The Carroll County Drug Task Force's heavy-handed use of the state's drug forfeiture law in cases involving small quantities of contraband is a misuse of an important tool in the war against drugs. The task force's abusive application of the forfeiture law could result in a public outcry against the law.
As The Sun's Darren Allen reported, the county's drug task force routinely invokes the law in a way that leaves the appearance the law enforcement organization extorted money from people who have not been charged, let alone, convicted of drug offenses.
When Carroll's drug task force acts this way, it violates the essence of the Fourth Amendment right of Americans to "be secure in their persons, papers, houses and effects against unreasonable searches and seizures."
Federal, state and other county agencies are very careful to separate enforcement of the forfeiture law from the criminal law, to ensure that due process is closely followed.
All too often, the Carroll task force has used property seizure as a bargaining chip; the task force officers promise to drop criminal charges against people willing to buy back their seized property. For many of the accused, the confiscation of a car or valuable property is more damaging than the charges, and they will do anything to get their property returned.
Moreover, the spectacle of having arresting officers haggle over the price of seized property seems more appropriate in a banana republic than in the United States of America.
Why does the Carroll County task force so zealously apply the forfeiture provision? From appearances, it would seem that the proceeds are being used to finance the task force operations. We have no way of knowing, however, because Barton F. Walker III, who heads the task force, refuses to account for the seizures and their disposal. The public deserves better than that from Mr. Walker.

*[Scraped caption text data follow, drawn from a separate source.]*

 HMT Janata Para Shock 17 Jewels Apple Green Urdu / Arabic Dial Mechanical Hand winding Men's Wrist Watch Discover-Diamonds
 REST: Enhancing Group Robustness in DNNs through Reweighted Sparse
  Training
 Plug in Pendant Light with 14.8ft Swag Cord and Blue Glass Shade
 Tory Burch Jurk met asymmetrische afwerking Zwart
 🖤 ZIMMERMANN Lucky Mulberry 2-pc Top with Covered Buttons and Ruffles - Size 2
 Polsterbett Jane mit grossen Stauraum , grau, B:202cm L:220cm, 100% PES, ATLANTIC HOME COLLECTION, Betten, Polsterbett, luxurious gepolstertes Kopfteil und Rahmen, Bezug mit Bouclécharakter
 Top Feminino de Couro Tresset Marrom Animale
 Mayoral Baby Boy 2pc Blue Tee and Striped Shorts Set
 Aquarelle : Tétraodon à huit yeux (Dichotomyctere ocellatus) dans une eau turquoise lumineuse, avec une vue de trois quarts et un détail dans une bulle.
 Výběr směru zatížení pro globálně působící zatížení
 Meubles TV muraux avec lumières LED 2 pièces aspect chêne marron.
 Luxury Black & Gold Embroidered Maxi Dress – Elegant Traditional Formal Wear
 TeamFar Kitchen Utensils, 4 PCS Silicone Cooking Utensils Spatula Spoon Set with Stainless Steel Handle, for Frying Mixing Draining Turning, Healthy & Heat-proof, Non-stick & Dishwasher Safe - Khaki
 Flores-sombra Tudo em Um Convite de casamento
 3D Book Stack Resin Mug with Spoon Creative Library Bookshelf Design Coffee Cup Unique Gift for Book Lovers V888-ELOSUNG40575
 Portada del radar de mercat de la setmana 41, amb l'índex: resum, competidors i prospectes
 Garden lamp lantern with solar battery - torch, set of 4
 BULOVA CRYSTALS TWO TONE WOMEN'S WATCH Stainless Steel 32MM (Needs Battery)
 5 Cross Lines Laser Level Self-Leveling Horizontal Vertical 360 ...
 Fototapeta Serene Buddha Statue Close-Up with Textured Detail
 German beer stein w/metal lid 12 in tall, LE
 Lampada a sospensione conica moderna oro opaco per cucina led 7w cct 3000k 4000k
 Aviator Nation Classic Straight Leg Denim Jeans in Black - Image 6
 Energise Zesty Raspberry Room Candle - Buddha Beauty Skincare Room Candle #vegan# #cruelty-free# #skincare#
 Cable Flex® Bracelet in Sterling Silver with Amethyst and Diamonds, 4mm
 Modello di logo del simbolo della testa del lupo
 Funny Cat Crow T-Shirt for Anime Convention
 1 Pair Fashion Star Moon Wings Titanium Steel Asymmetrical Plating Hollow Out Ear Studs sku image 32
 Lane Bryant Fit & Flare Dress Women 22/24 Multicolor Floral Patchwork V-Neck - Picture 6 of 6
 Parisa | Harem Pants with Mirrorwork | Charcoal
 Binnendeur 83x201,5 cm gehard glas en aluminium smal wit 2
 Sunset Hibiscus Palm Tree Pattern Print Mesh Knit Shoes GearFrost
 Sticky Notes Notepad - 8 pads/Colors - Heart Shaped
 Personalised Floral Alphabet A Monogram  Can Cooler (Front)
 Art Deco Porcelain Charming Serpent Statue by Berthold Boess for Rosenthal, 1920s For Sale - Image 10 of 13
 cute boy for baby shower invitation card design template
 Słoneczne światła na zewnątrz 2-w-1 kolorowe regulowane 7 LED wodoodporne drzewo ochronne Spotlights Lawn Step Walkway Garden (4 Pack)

At present, the task force is accountable to no one. It is not under the control of the state's attorney office, the Maryland State Police or the Carroll County government. It has evolved, dangerously, into a power unto itself. As a result, it is not surprising that the task force abuses the law and has not had to answer for it.
Property forfeiture laws can be effective in dealing with drug offenders, but this tool must be employed in a constitutional manner.